The 188 kilns of the Gangjingun Kiln Sites are located in the regions of Yongunni, Gyeyulli, Sadangni, and Sudongni.  98 of these are designated as historic sites by the Korean government.

The 75 kilns in Yongunni are in generally in good condition and are some of the earliest dated.  These kilns are dated to the 10th and 11th centuries.  These kilns provide clues for scholars interested in discovering the origins and kiln characteristics of the first Korean celadons manufactured.  Fragments of ancient Chinese kiln products have also been uncovered in this region.

59 kilns remain in Gyeyulli and the kilns in this region date from the 11th century to the 13th century.  Excavations have uncovered pottery similar in style to Yongunni pottery but most pottery shards are of the conventional inlaid celadon type.

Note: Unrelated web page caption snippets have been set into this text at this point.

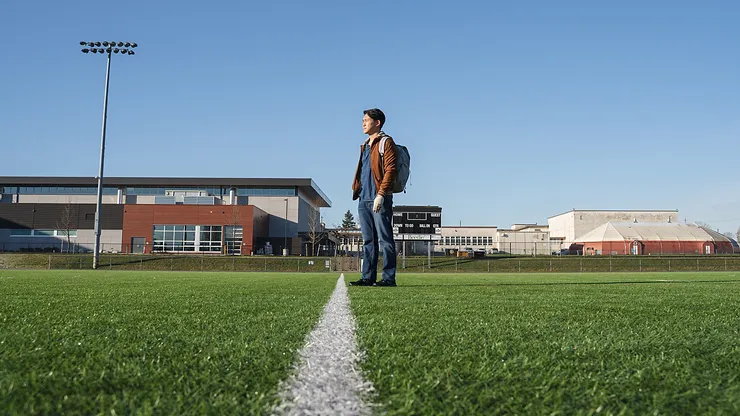 Jake standing alone in a high school football field from Golden Delicious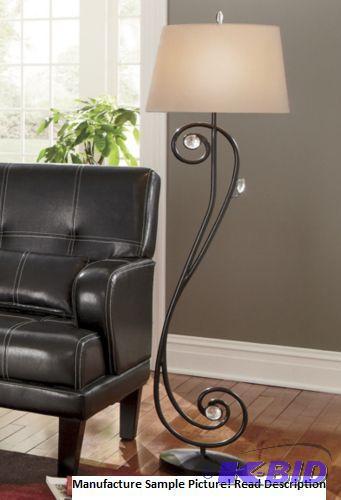 lot 104 image: Precious Scrolls Metal Floor Lamp - Some migh...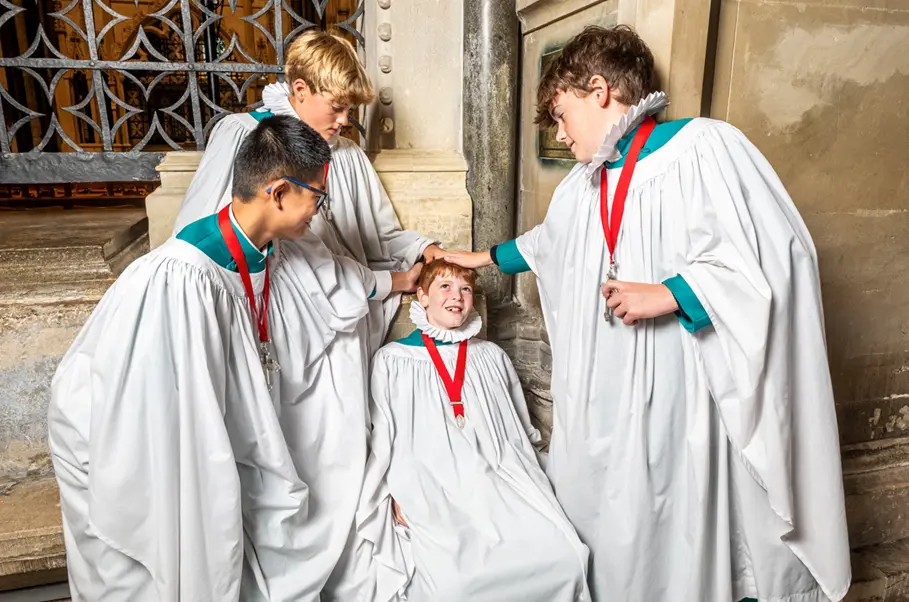 Senior choristers gently bumping Sebastian on the bumping stone Picture: Max Willcock BNPS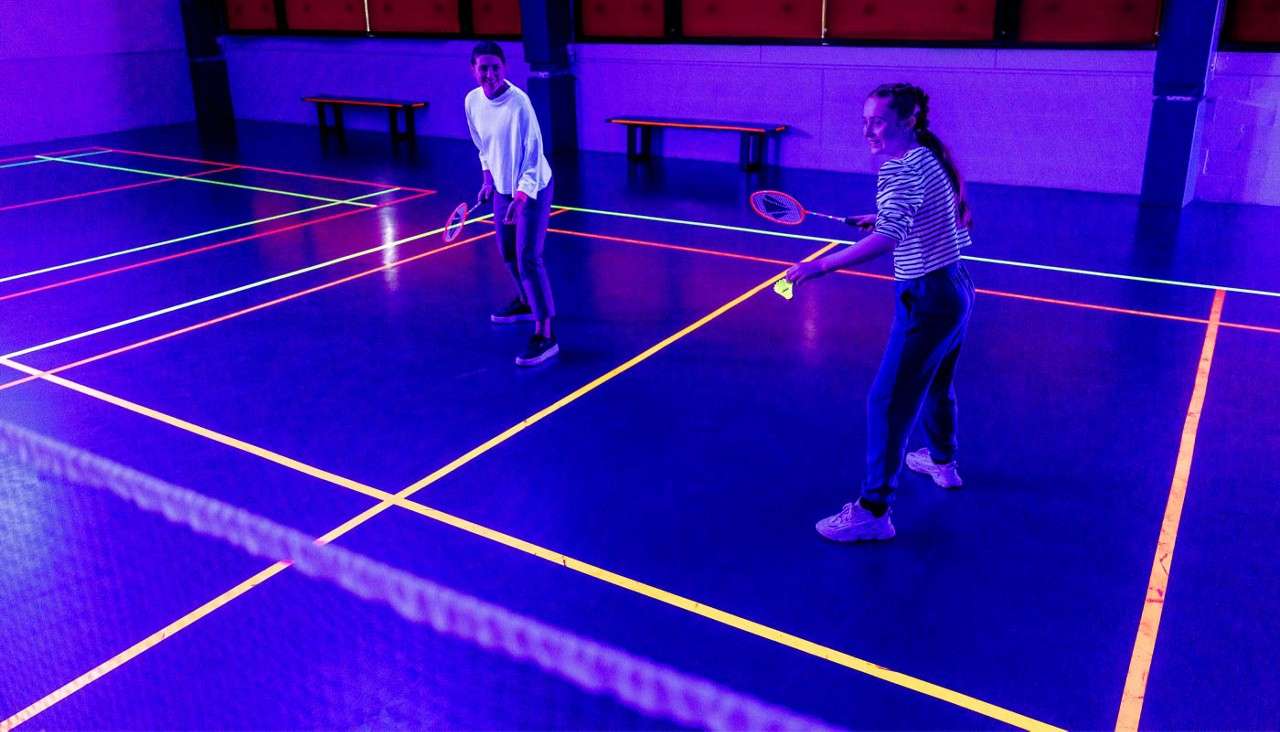 Two people play badminton, rallying a neon shuttlecock, on an indoor court lit with blacklight; glowing yellow-orange court lines, visible net in foreground, benches and walls dimly lit behind.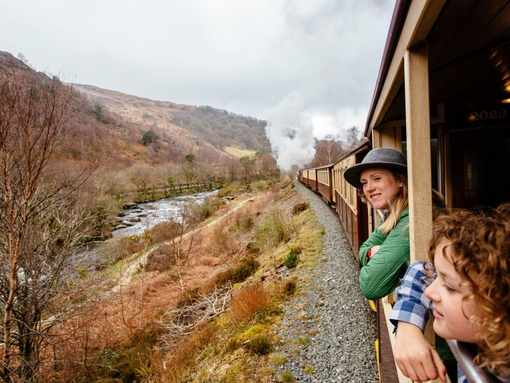 Woman and boy leaning out of window of steam train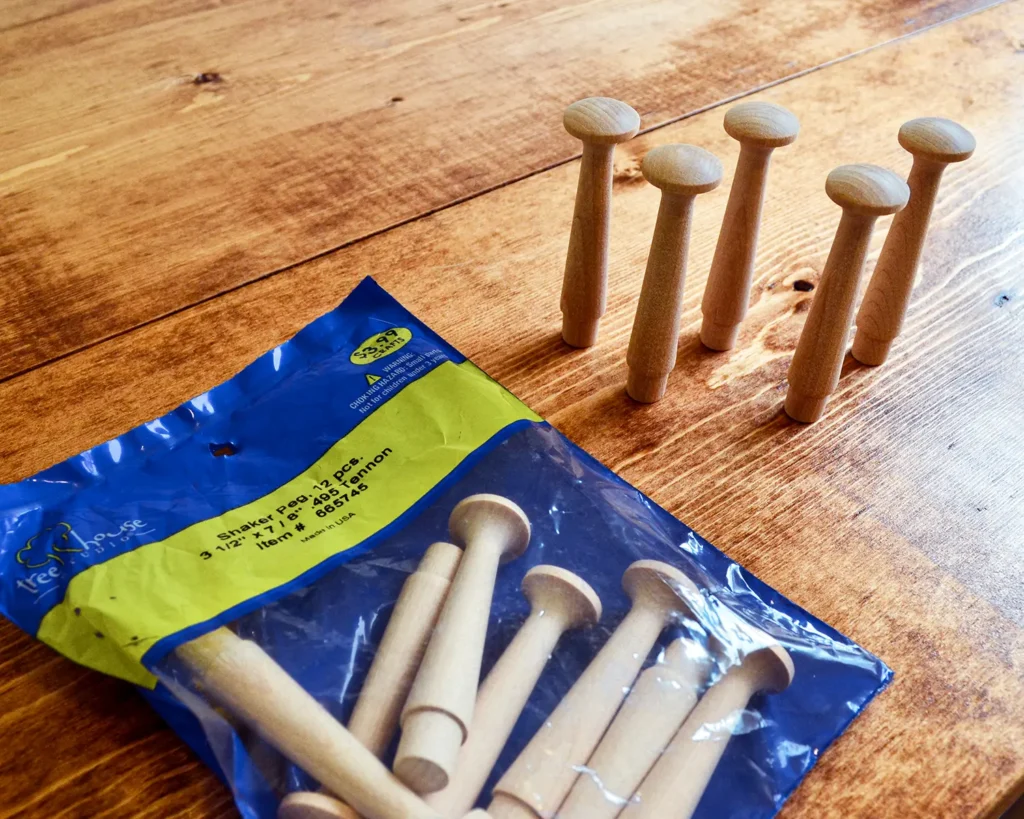 Unfinished shaker pegs for adding functionality to laundry room shelves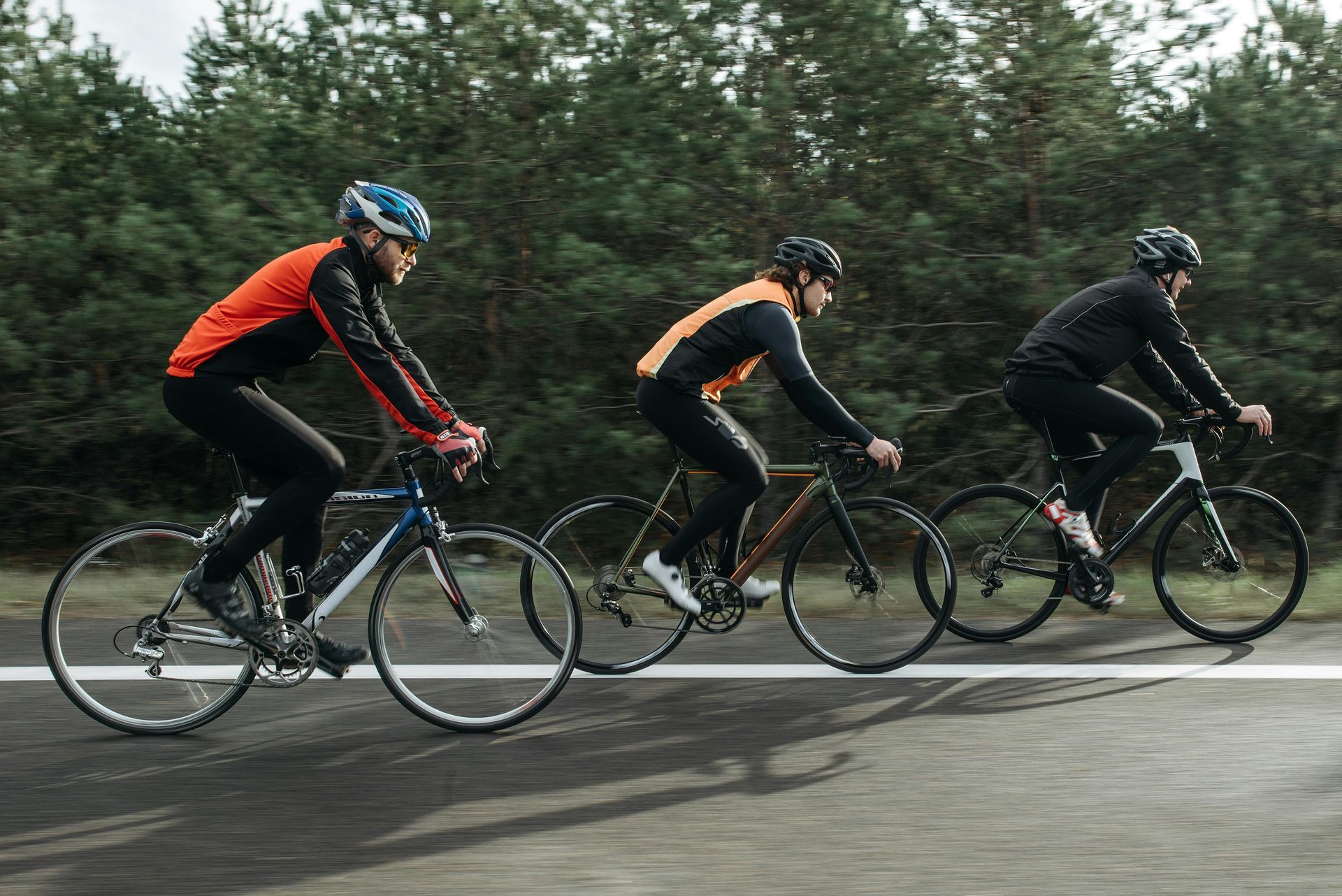 Three cyclists in sporty attire riding on a road, trees in the background.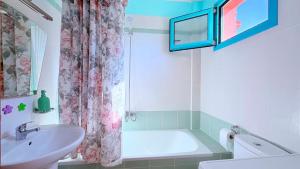 a bathroom with a tub and a sink and a shower at Aurora Maris Maisonette in Possidi +13 photos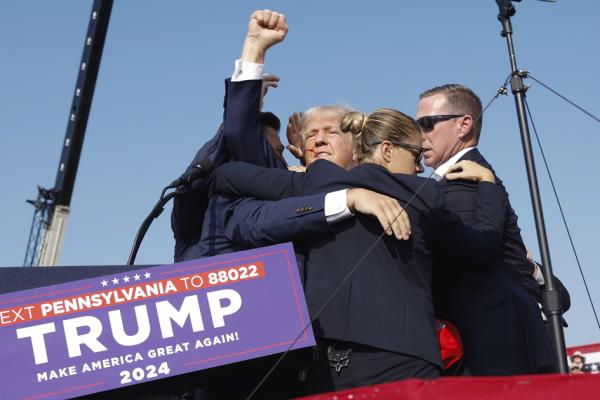 7月13日,川普在宾州竞选集会上中枪,在保镖拥簇下离开集会现场时,他挥舞着拳头。(Anna Moneymaker/Getty Images)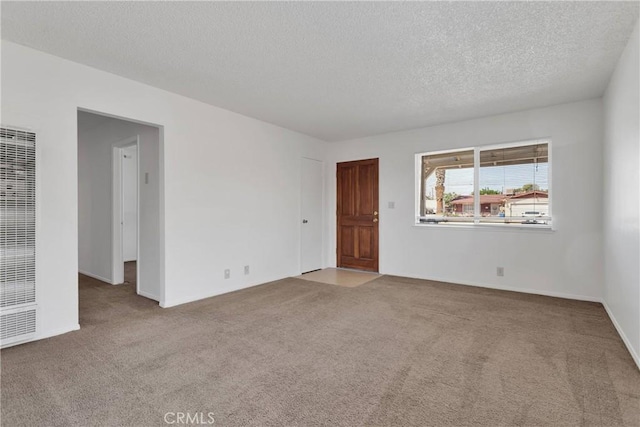 305 Beverly Ave, Barstow, CA 92311 - carpeted empty room featuring a heating unit and a textured ceiling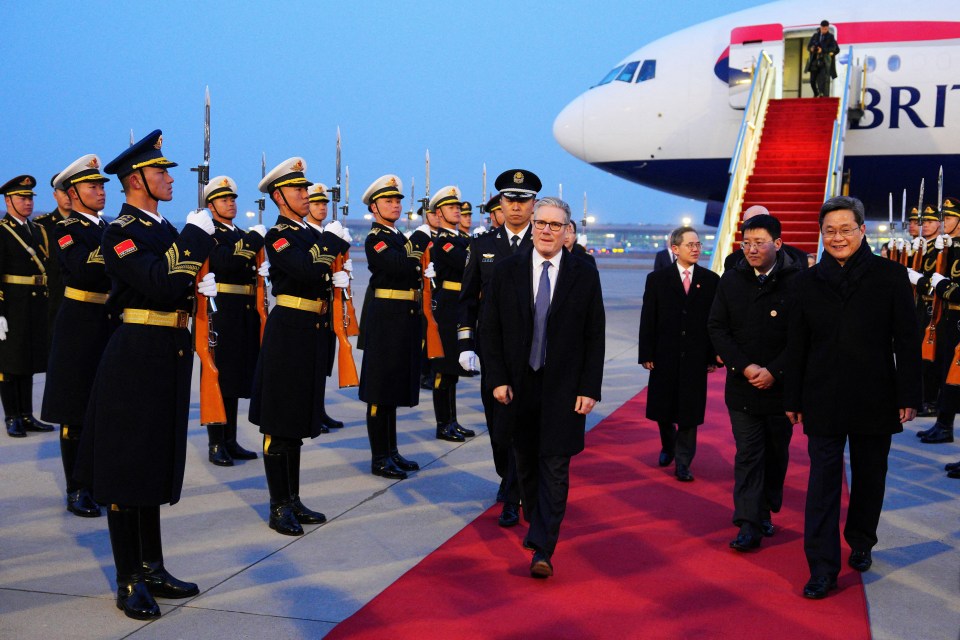 British Prime Minister Keir Starmer and Chinese Finance Minister Lan Foan walk on a red carpet while soldiers stand at attention.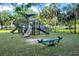 A colorful playground is nestled in a park-like setting with slides, seesaws, and plenty of space for fun at 136 30Th N Ave, St Petersburg, FL 33704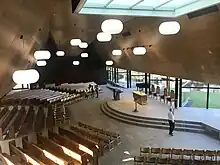 a low curved stage is backed by windows with pews around. white oval lamps float beneath the timber roof and interior panels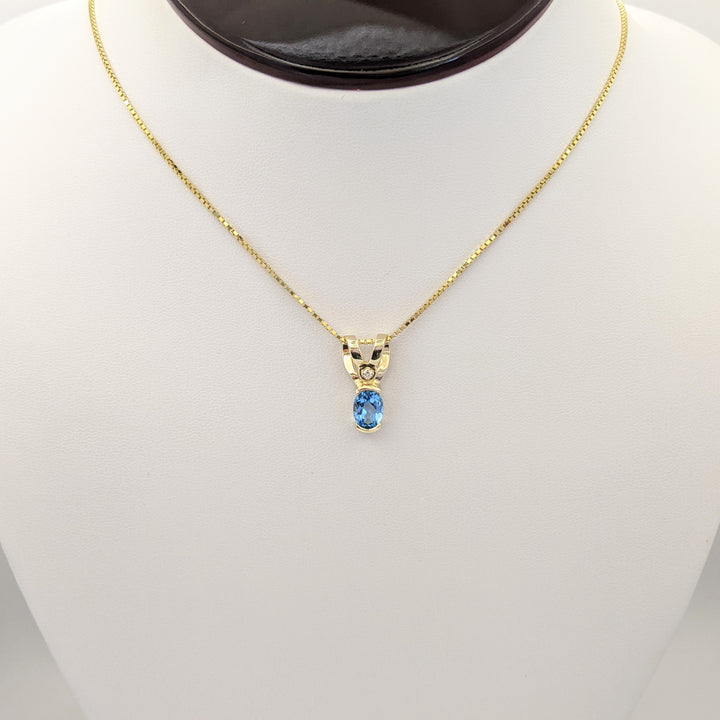 14K BLUE TOPAZ OVAL 6X8 HALF-BEZEL WITH MELEE ESTATE PENDANT & CHAIN 5.1 GRAMS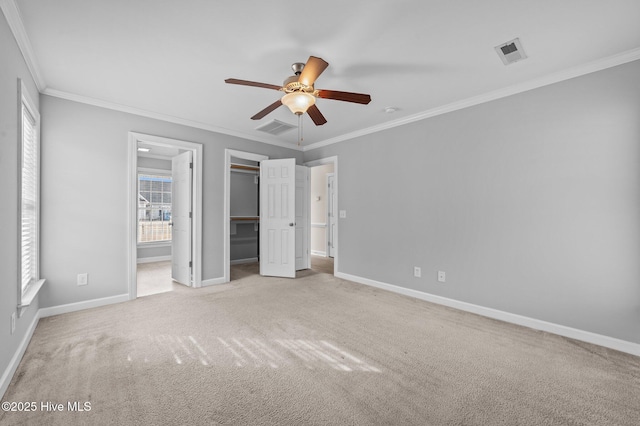 unfurnished bedroom with carpet flooring, visible vents, and baseboards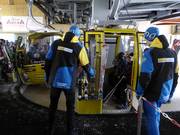 Guests are assisted when boarding the gondola lift.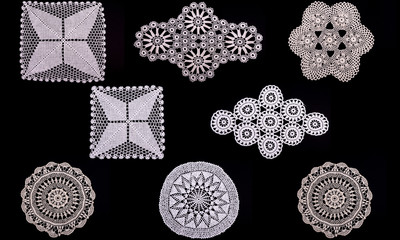 White hand made crocheted coaster lace doily collection on black background - obrazy, fototapety, plakaty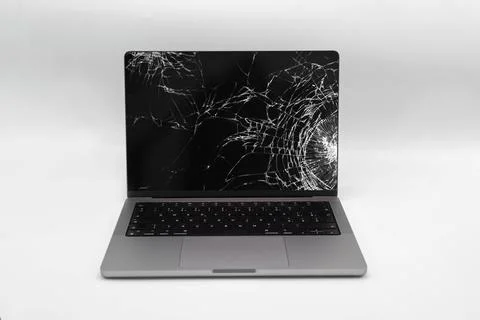 Broken LCD display on laptop computer. Isolated white background. Stock Photos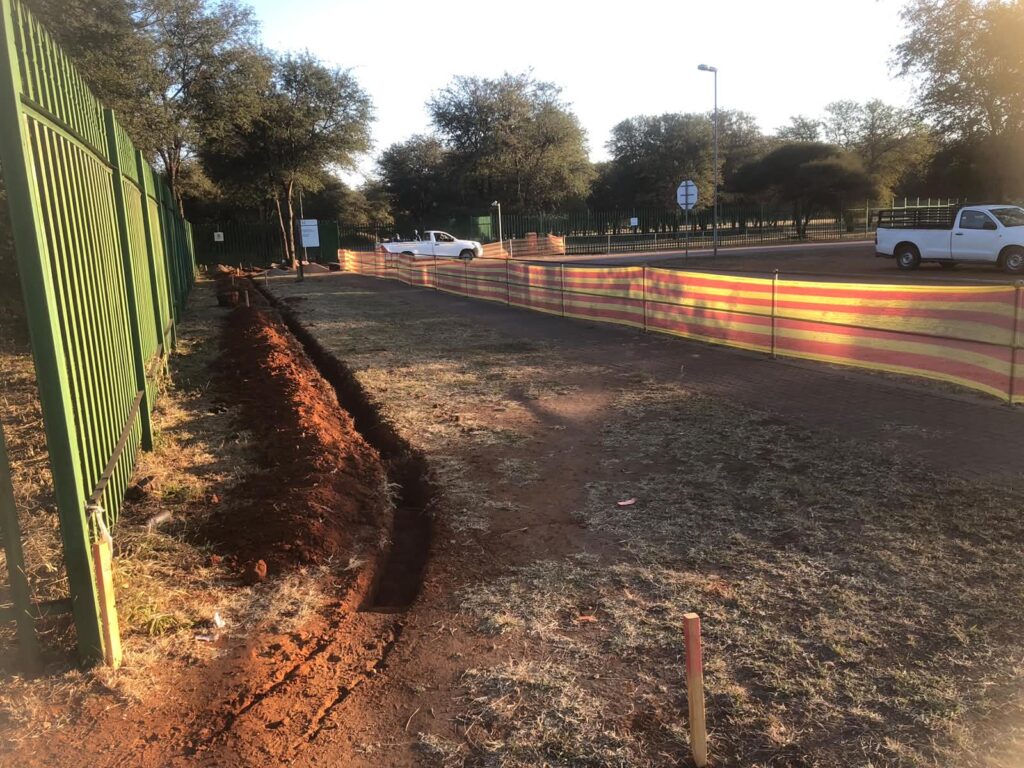 Underground service trench beside a property fence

The 43 kilns of Sadangni are dated from the 12th to 14th centuries.  The kilns at Tangion village date from the early 12th century to the 13th century and are representative of the Goryeo ceramic kilns which were used in the production of Goryeo celadons, famous for their superior kingfisher color and inlay technique.  The pottery produced here would be during the peak of the creative development of Korean celadon.  An additional six kilns remain in Sudongni which date to the 14th century but most have been destroyed due to river erosion and farming.  These celadon kilns were still employing techniques from previous centuries although the colors, patterns, and glazes used were very diverse.

The Daegumyeon kiln site was rediscovered in 1914.  Excavations unearthed a wide variety of pottery fragments diverse in shape, size and colors.  The Daegumyeon kiln site is unusual because of the high concentration of kilns and because the dates of these kilns range throughout the entire Goryeo Dynasty.  This site, therefore, is very valuable as a resource for scholars and archaeologists.  A fully restored kiln based on those excavations is now housed at the National Museum of Korea.  The Goryeo Celadon Office was established in 1986 to preserve kiln sites and also to reproduce and reconstruct the techniques lost many hundreds of years ago.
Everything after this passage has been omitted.